── Given material ──

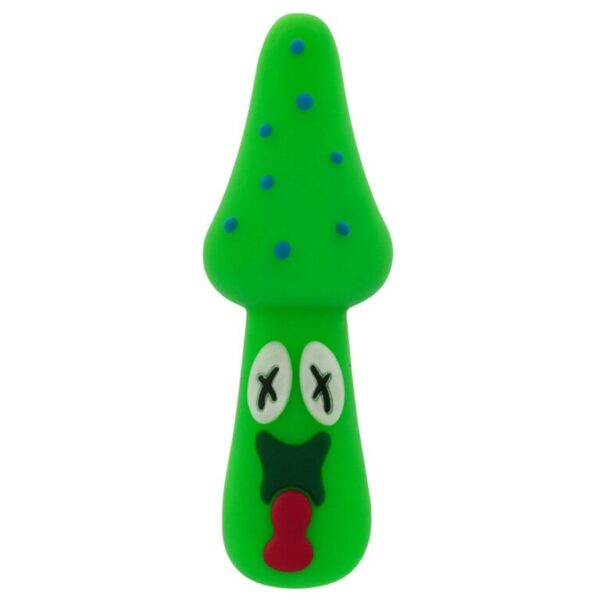 Silikonová dýmka Houbová 10cm zelená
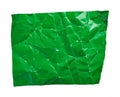 Green crumpled paper with folds texture cut out on white background Royalty Free Stock Photo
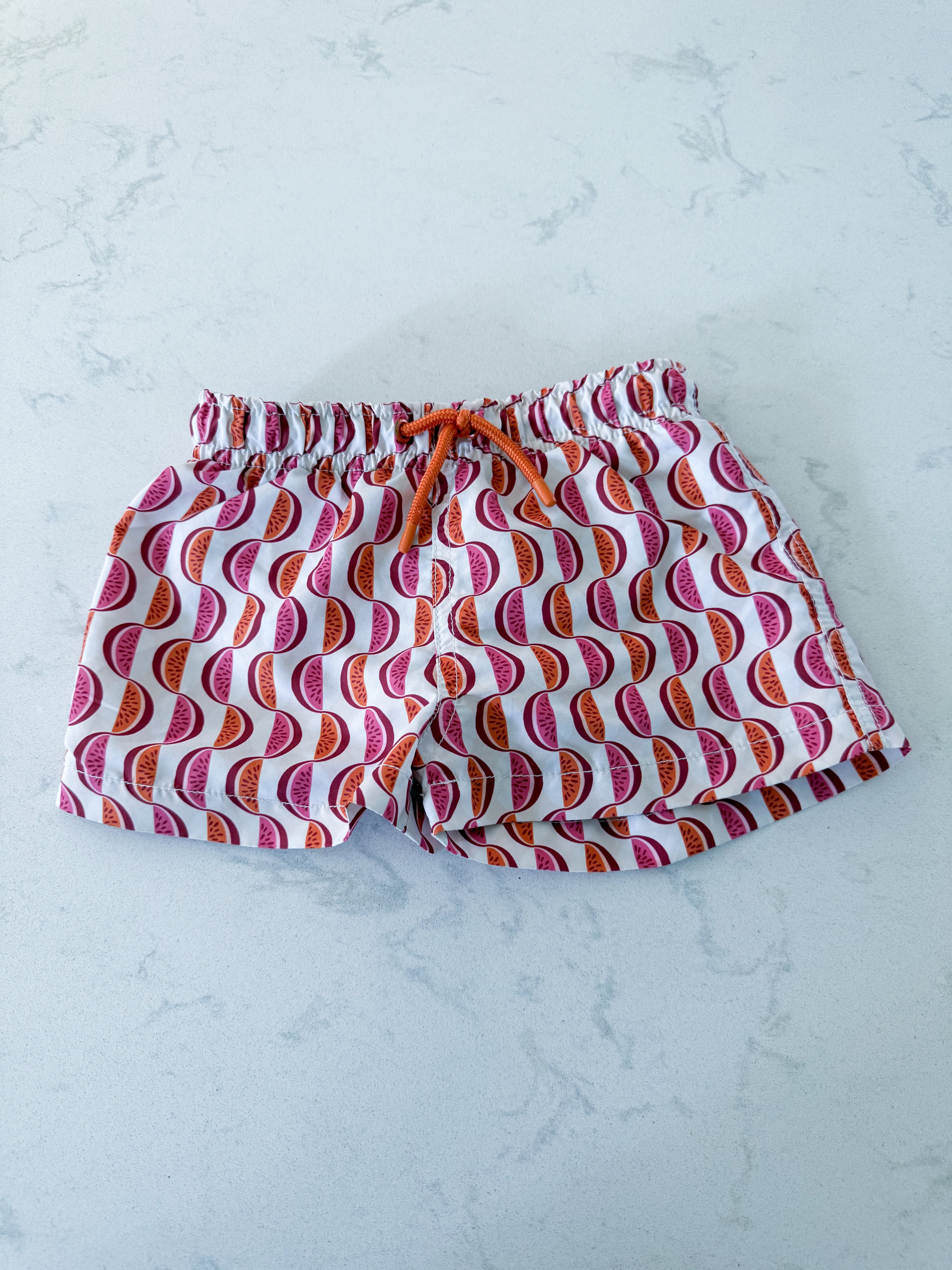 Zara- fits 2-3Y- VGUC- white swim trunks with orange and pink fruit slices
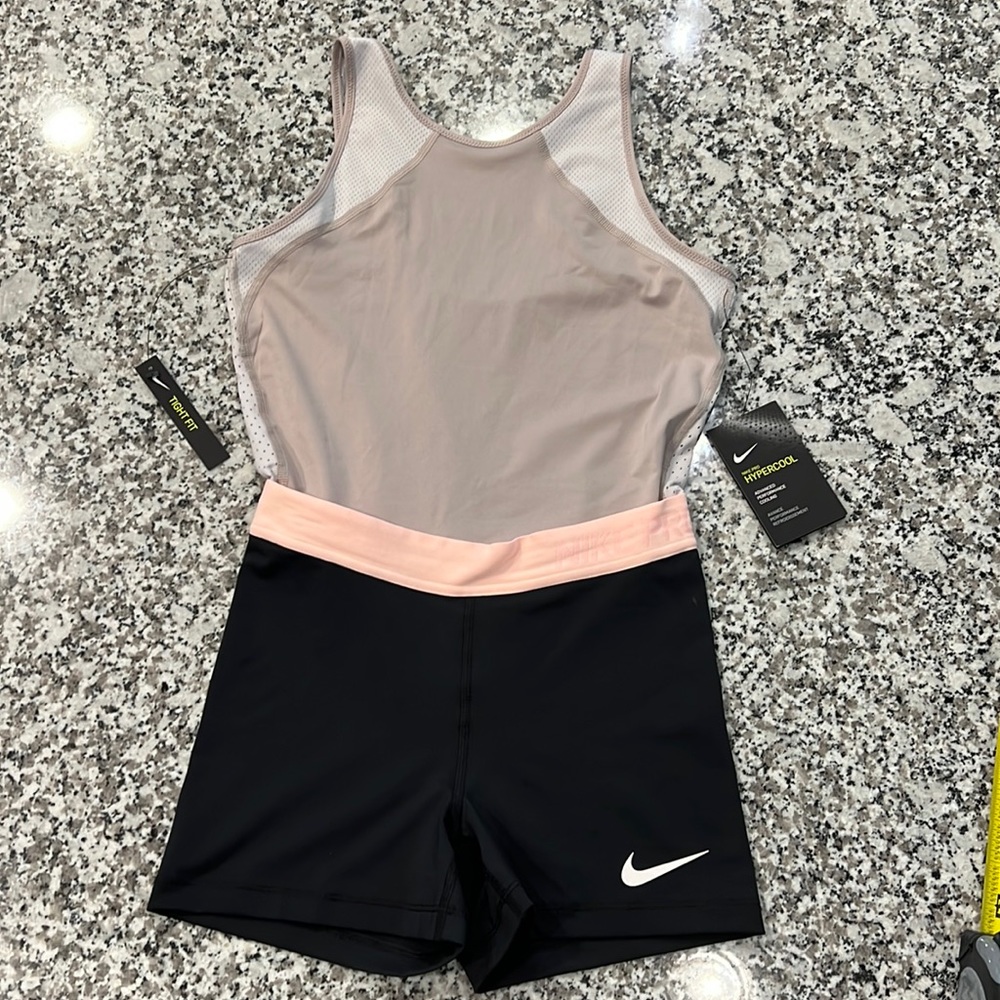 NWT Nike Pro Hypercool black and tan romper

───

▶ [Task to carry out]: The result should be the full material above, word for word, with its pictures omitted.

▶ [Answer space]:
 Silikonová dýmka Houbová 10cm zelená
 Green crumpled paper with folds texture cut out on white background Royalty Free Stock Photo
 Zara- fits 2-3Y- VGUC- white swim trunks with orange and pink fruit slices
 NWT Nike Pro Hypercool black and tan romper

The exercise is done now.